#### PROBLEM TO SOLVE
Exact transcription begins at the first line of the material below and ends with the line holding "In the background, commercial"; pictures are skipped.

#### STORED DATA
Start of Block

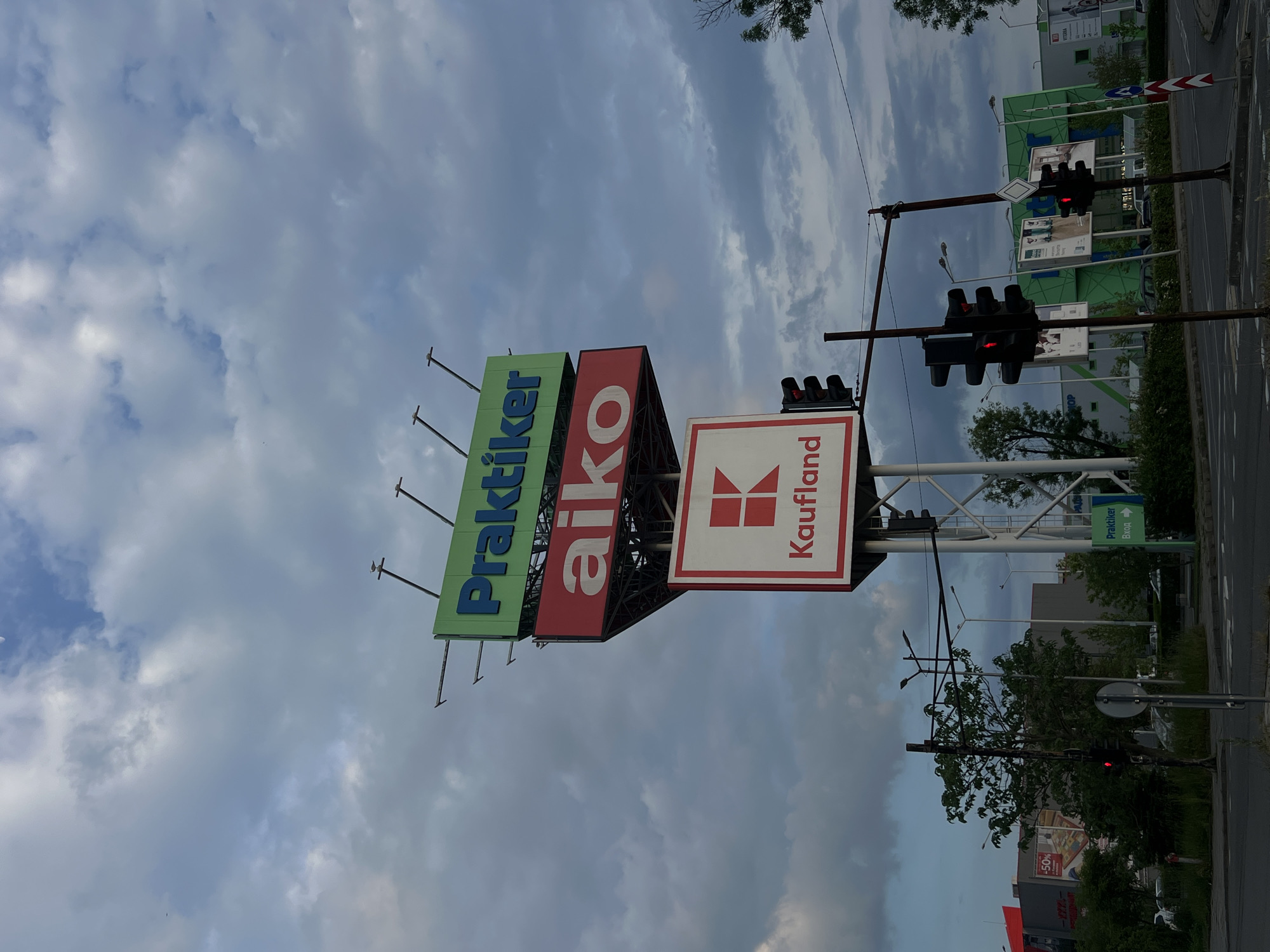 The image captures a vertical view of a commercial area, likely in Burgas, Bulgaria, based on the signage visible. The primary focal point is a multi-branded sign tower featuring the logos of "Praktiker," "aiko," and "Kaufland," all prominently displayed. The sky behind the sign tower is overcast with grey and white clouds.
In the background, commercial buildings, traffic lights showing red, streetlights, and greenery are visible. A road runs along the right side of the frame. The scene appears to be a busy commercial area at dusk.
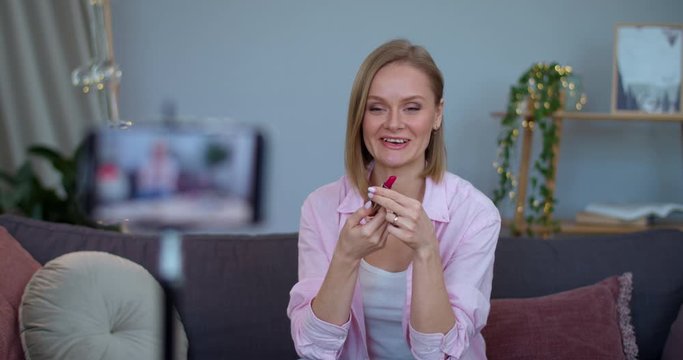 Smiling woman open and showing lipstick to camera while sitting on sofa in front of smartphone. Female vloger talking while recording make up review. Concept of beauty and vlogging.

End of Block

#### TASK ANSWER
 The image captures a vertical view of a commercial area, likely in Burgas, Bulgaria, based on the signage visible. The primary focal point is a multi-branded sign tower featuring the logos of "Praktiker," "aiko," and "Kaufland," all prominently displayed. The sky behind the sign tower is overcast with grey and white clouds.
In the background, commercial buildings, traffic lights showing red, streetlights, and greenery are visible. A road runs along the right side of the frame. The scene appears to be a busy commercial area at dusk.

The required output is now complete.